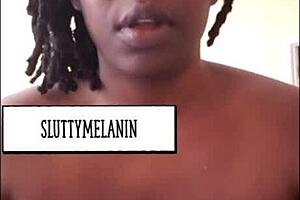 Learn the 4 laws for ebony masturbation and sex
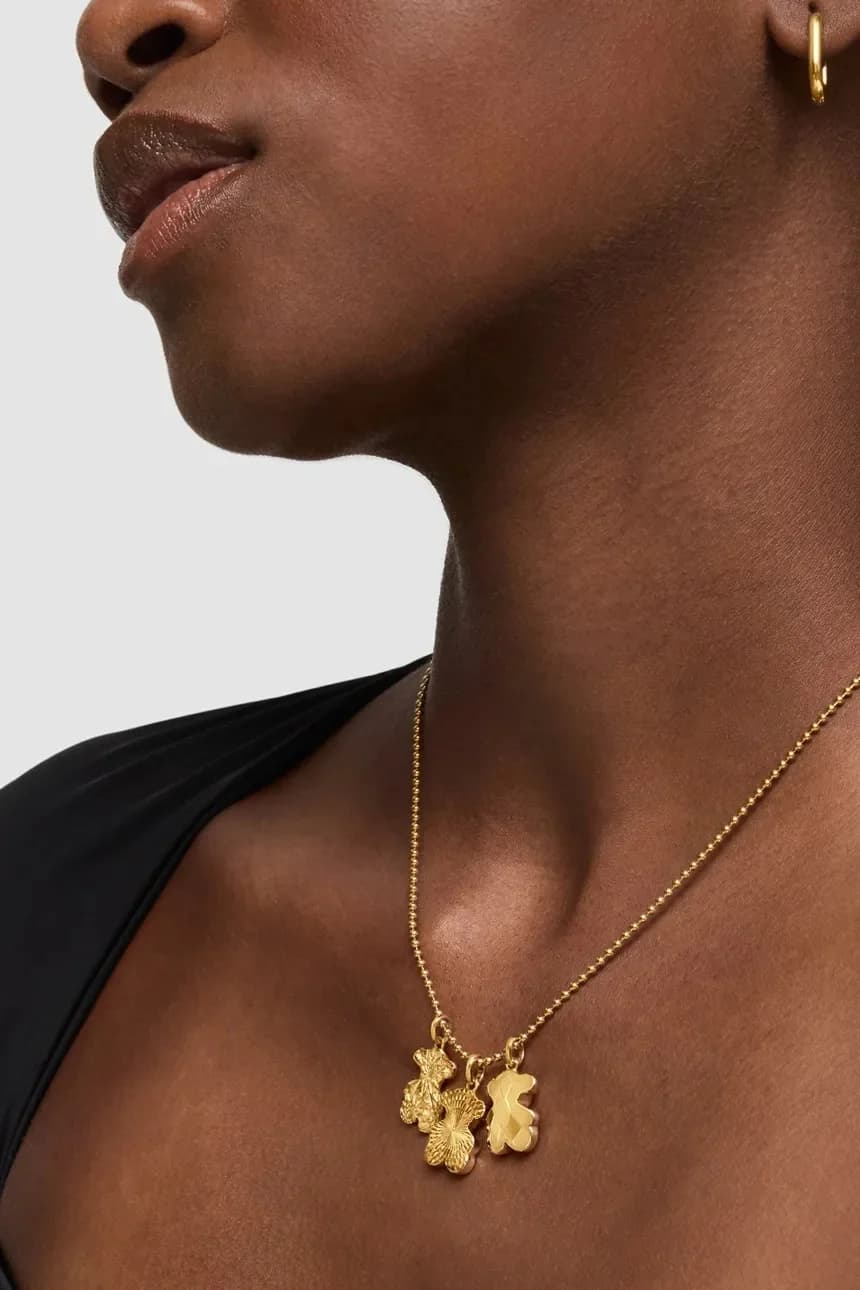 Серебряный кулон SWEET DOLLS - фото 6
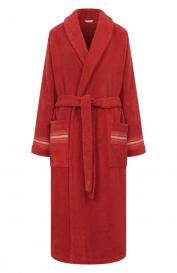 Хлопковый халат Oasis FRETTE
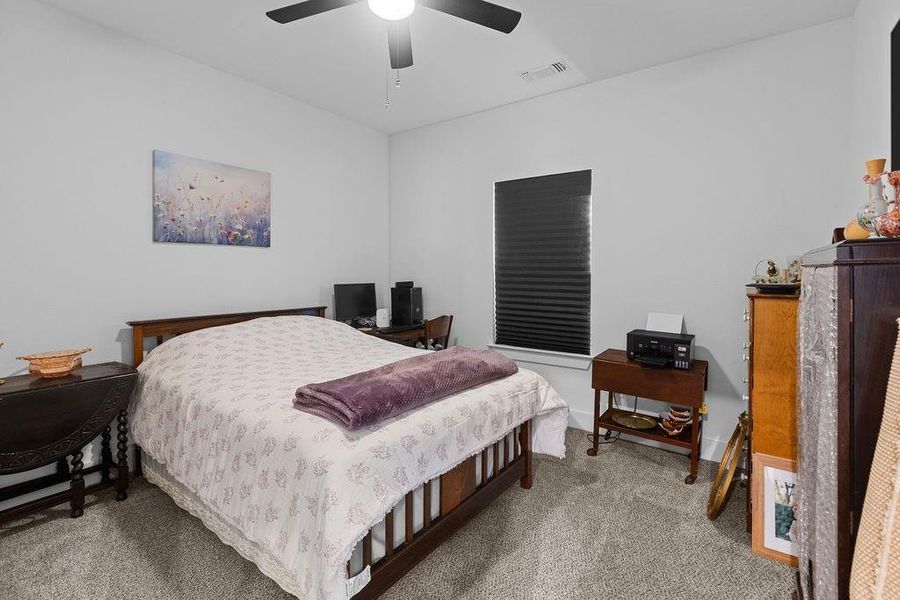 Furnished interior view inside a new home in , Whitesboro (Image 13).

→ **Requirement**:
Where the line holding "Серебряный кулон SWEET DOLLS - фото 6" appears, start copying, and continue exactly through the last line of the listing, both ends included, skipping the pictures.

→ **Your solution**:
 Серебряный кулон SWEET DOLLS - фото 6
 Хлопковый халат Oasis FRETTE
 Furnished interior view inside a new home in , Whitesboro (Image 13).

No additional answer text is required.